--- MATERIAL FOR THIS EXERCISE Enclosed Below ---

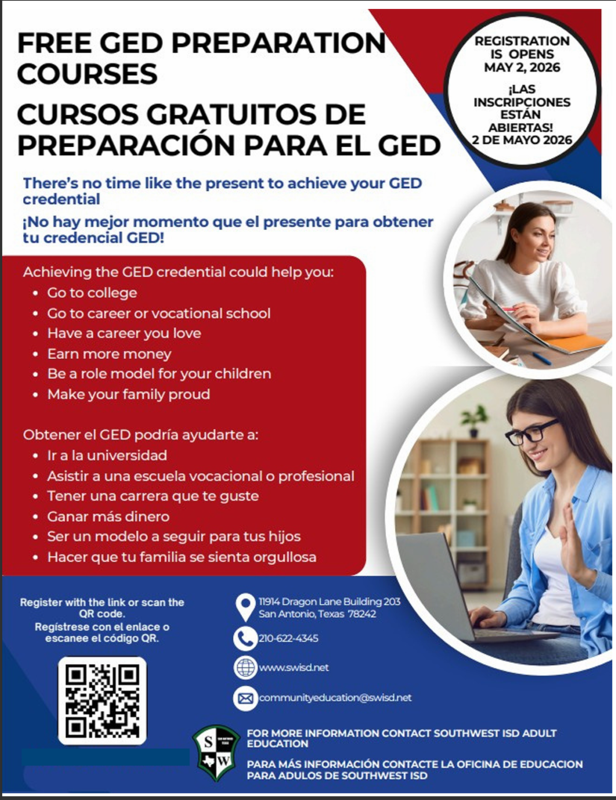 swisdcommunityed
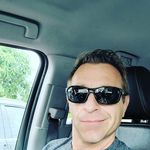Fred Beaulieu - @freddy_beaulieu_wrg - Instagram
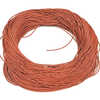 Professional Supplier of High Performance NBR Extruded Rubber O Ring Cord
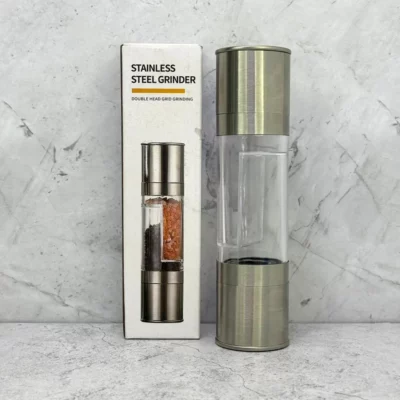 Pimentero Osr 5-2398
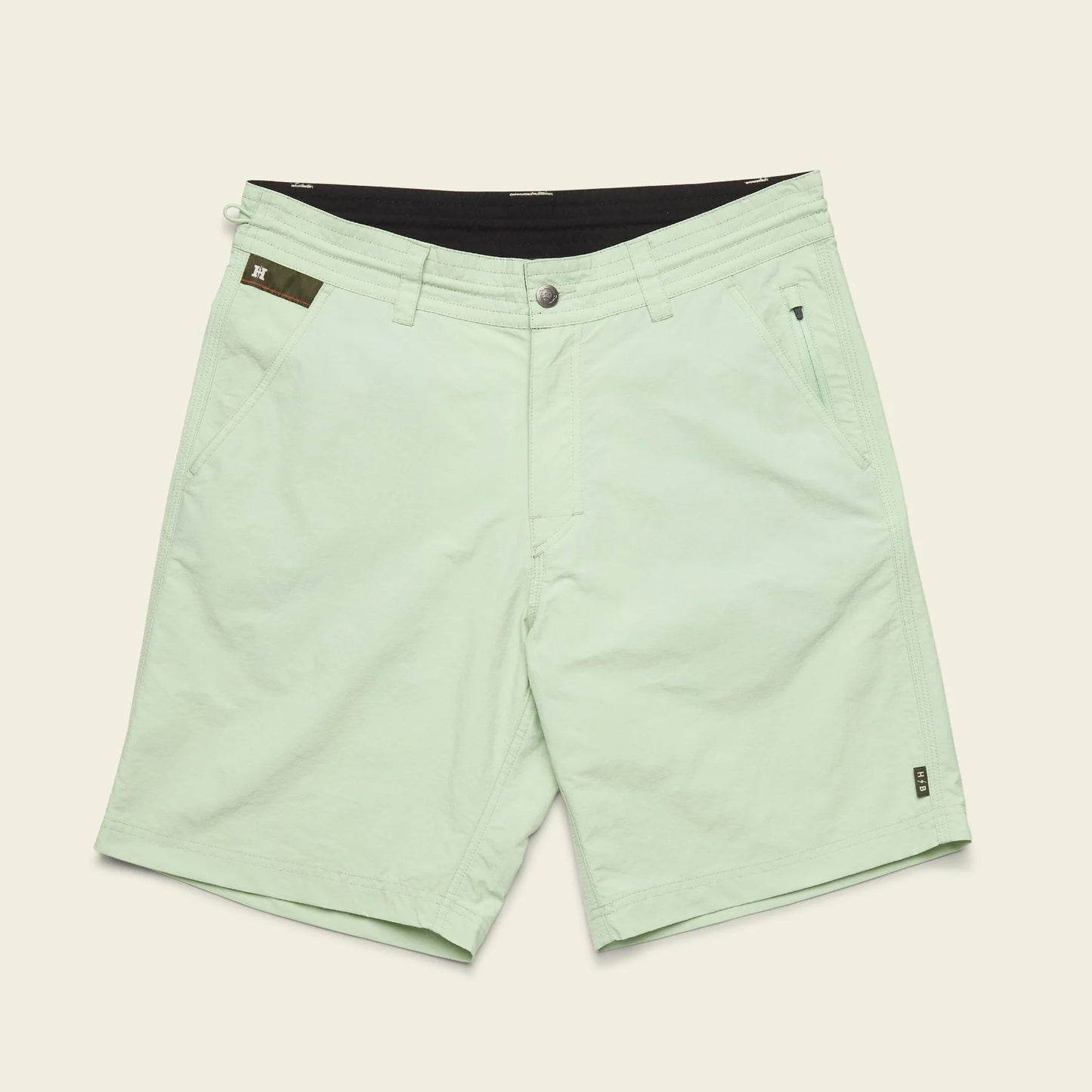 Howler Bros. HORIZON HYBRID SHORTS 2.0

--- End of Enclosed MATERIAL FOR THIS EXERCISE ---
--- MATERIAL FOR THIS EXERCISE Enclosed Below ---

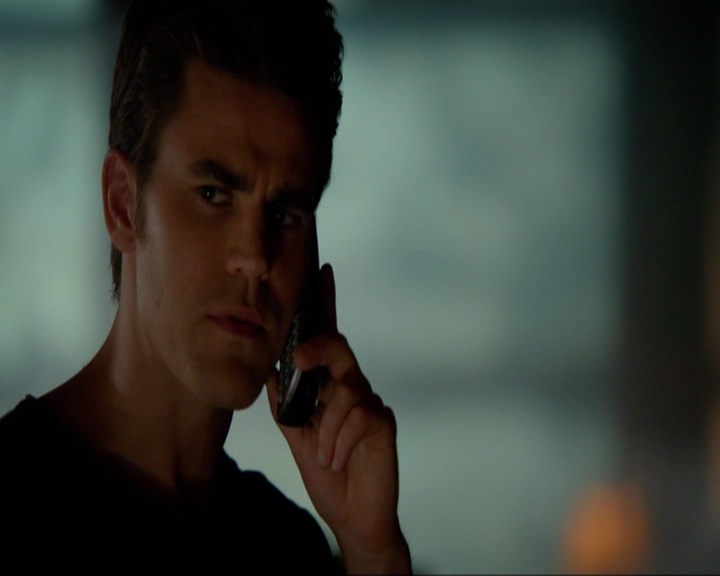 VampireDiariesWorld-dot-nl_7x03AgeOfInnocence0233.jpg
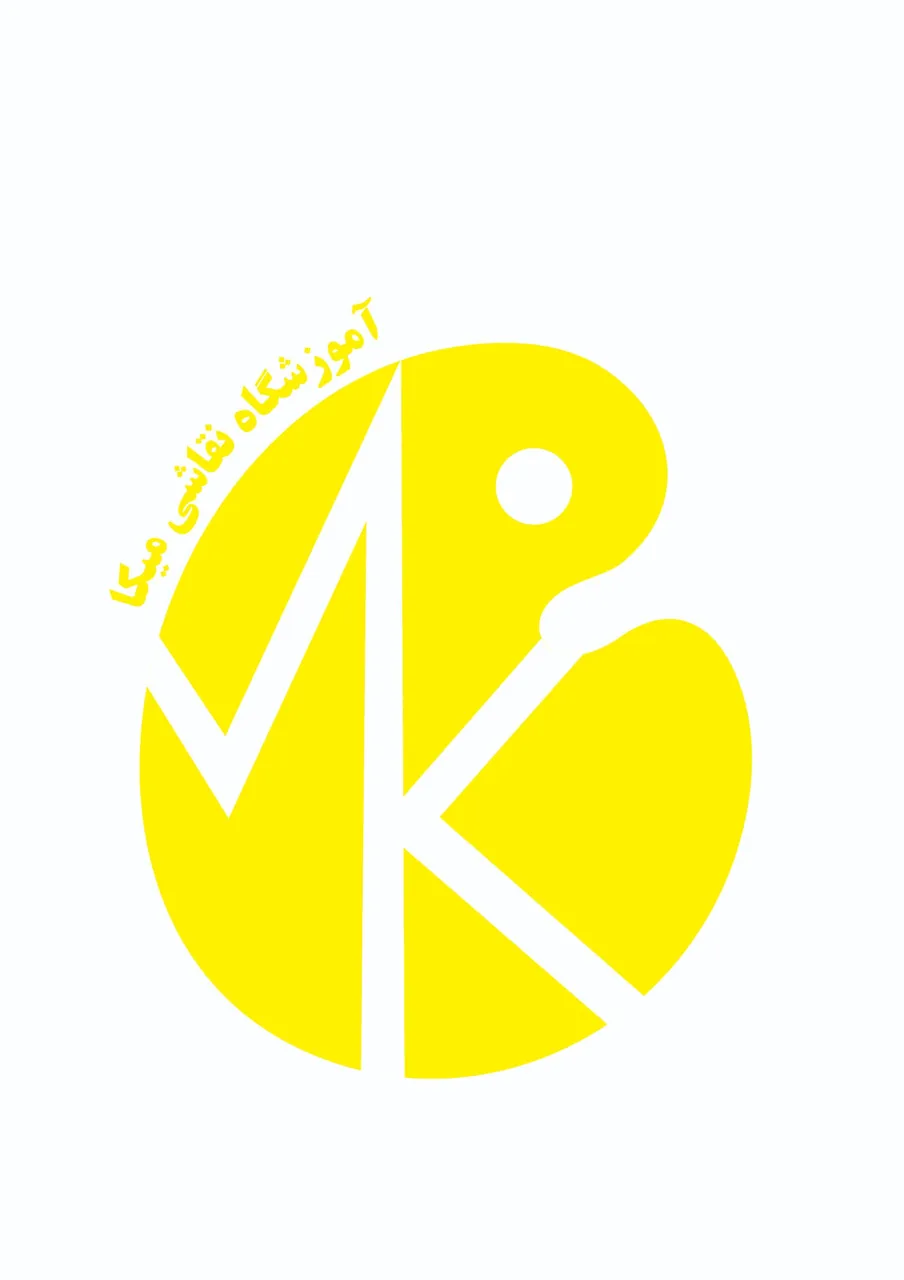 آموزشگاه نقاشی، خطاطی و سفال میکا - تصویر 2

--- End of Enclosed MATERIAL FOR THIS EXERCISE ---
--- MATERIAL FOR THIS EXERCISE Enclosed Below ---

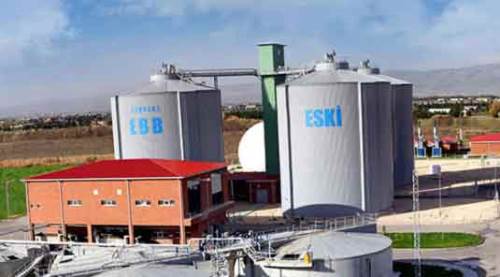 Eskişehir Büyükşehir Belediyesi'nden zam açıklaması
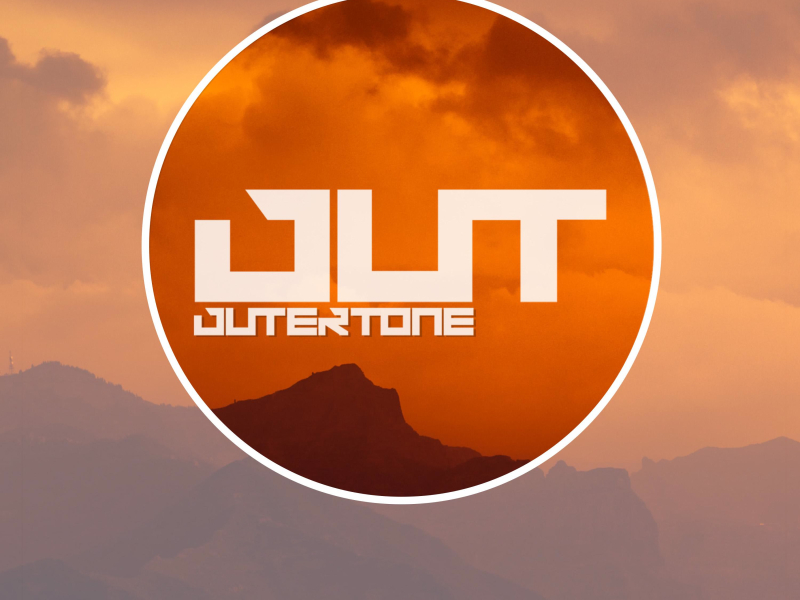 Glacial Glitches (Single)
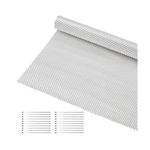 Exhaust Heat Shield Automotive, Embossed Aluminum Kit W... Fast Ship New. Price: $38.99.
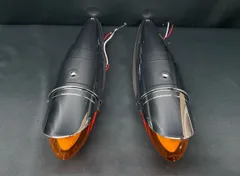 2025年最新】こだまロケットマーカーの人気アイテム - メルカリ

--- End of Enclosed MATERIAL FOR THIS EXERCISE ---

TASK OBJECTIVE:
Copy word for word only the lines above from the one with "Eskişehir Büyükşehir Belediyesi'nden" through the one with "2025年最新】こだまロケットマーカーの人気アイテム - メルカリ". Leave pictures out.

RESULT BELOW:
 Eskişehir Büyükşehir Belediyesi'nden zam açıklaması
 Glacial Glitches (Single)
 Exhaust Heat Shield Automotive, Embossed Aluminum Kit W... Fast Ship New. Price: $38.99.
 2025年最新】こだまロケットマーカーの人気アイテム - メルカリ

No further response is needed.